Search code examples
pythontensorflowneural-networkchatbottflearn

How to create a validation_set for TFLearn?


I'm trying to create a validation_set for this chatbot tutorial: Contextual Chatbots with Tensorflow

But I'm having issues with the shape of my data, this is the method I'm using to create both my train and validation sets:

words = []
classes = []
documents = []
ignore_words = ['?']
# loop through each sentence in our intents patterns
for intent in intents['intents']:
    for pattern in intent['patterns']:
        # tokenize each word in the sentence
        w = nltk.word_tokenize(pattern)
        # add to our words list
        words.extend(w)
        # add to documents in our corpus
        documents.append((w, intent['tag']))
        # add to our classes list
        if intent['tag'] not in classes:
            classes.append(intent['tag'])

# stem and lower each word and remove duplicates
words = [stemmer.stem(w.lower()) for w in words if w not in ignore_words]
words = sorted(list(set(words)))

# remove duplicates
classes = sorted(list(set(classes)))


# create our training data
training = []
output = []
# create an empty array for our output
output_empty = [0] * len(classes)

# training set, bag of words for each sentence
for doc in documents:
    # initialize our bag of words
    bag = []
    # list of tokenized words for the pattern
    pattern_words = doc[0]
    # stem each word
    pattern_words = [stemmer.stem(word.lower()) for word in pattern_words]
    # create our bag of words array
    for w in words:
        bag.append(1) if w in pattern_words else bag.append(0)

    # output is a '0' for each tag and '1' for current tag
    output_row = list(output_empty)
    output_row[classes.index(doc[1])] = 1

    training.append([bag, output_row])

# shuffle our features and turn into np.array
random.shuffle(training)
training = np.array(training)

# create train and test lists
x = list(training[:,0])
y = list(training[:,1])

I run this two times with different data and get my training and validation sets. The problem is that I initiate my tensorflow with the shape of my training set:

 net = tflearn.input_data(shape=[None, len(train_x[0])])

So when I go fit the model:

model.fit(train_x, train_y, n_epoch=1000,snapshot_step=100, snapshot_epoch=False, validation_set=(val_x,val_y), show_metric=True)

I get this error:

ValueError: Cannot feed value of shape (23, 55) for Tensor 'InputData/X:0', which has shape '(?, 84)'

Where 23 is the number of questions and 55 the number of unique words of my validation set. And 84 is the number of unique words in the training set.

Because my validation set has a different number of questions/unique words from my training set, I cant validate my training.

Can someone help me creating a valid validation set that indepents from the number of questions? I'm new to Tensorflow and Tflearn so any help would be great.


Solution

  • To the best of my understanding, this is what you did: You created a dictionary called words which contains all possible words in a dataset. Then while creating a training dataset, you searched each word of a question in that dictionary words and if it was there you added 1 to your bag of words and 0 otherwise.

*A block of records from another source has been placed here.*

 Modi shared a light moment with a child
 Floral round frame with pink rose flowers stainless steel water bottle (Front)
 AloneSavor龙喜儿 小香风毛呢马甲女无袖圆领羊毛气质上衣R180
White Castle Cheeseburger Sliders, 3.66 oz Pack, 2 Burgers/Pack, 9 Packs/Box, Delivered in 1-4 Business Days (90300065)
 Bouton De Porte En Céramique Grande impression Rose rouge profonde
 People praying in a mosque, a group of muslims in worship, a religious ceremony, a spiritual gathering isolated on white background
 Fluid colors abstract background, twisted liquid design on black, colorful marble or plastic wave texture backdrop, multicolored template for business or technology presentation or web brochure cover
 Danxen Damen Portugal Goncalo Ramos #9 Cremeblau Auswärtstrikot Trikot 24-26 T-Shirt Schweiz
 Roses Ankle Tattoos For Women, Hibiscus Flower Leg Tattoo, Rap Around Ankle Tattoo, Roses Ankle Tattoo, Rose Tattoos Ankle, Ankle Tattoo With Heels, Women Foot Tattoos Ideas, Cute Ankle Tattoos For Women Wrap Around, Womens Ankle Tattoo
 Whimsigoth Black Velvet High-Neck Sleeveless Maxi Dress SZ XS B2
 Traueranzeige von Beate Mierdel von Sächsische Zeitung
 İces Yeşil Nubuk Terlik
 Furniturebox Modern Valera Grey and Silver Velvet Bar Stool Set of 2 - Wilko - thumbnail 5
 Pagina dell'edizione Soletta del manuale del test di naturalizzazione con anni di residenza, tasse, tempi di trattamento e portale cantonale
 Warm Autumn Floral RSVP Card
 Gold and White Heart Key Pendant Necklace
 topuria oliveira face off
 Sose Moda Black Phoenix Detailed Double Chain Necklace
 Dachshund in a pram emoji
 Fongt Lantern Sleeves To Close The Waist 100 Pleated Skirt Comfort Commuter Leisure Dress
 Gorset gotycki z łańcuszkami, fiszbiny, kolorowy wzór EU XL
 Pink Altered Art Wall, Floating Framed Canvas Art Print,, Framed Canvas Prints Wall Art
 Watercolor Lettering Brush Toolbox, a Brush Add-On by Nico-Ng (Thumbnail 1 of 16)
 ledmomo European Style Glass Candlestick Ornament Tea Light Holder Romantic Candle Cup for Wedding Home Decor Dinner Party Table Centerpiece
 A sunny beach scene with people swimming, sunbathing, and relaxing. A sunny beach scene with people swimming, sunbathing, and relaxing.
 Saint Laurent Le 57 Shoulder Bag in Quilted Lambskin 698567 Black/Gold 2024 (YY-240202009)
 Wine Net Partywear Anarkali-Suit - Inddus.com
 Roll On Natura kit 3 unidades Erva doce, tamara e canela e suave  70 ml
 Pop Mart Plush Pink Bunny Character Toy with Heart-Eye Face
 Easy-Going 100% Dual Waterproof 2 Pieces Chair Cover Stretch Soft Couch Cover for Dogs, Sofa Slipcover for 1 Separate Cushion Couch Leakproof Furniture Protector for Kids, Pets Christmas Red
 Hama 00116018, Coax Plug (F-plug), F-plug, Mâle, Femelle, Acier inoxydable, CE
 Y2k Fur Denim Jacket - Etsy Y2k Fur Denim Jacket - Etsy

Issue here is that each question will have different number of words and hence different number of 1's and 0's.

    You can get around it by doing the reverse thing: Search each word of the dictionary words in that question of training set and if it's there, add 1 to your bag of words and 0 otherwise. This way all questions will become of same length(=length of dictionary words). Your training set will have dimension now (num_of_questions_in_training, len(words).

    Same thing can be done for validation set too: Search each word of the dictionary words in that question of validation set and if it's there, add 1 to your bag of words and 0 otherwise. Again, this way, your validation set will have dimension now (num_of_questions_in_validation, len(words) which solves your problem of dimension mismatch.

    So assuming there are 90 words in words, training_set_shape: (?,90), validation_set_shape: (23,90).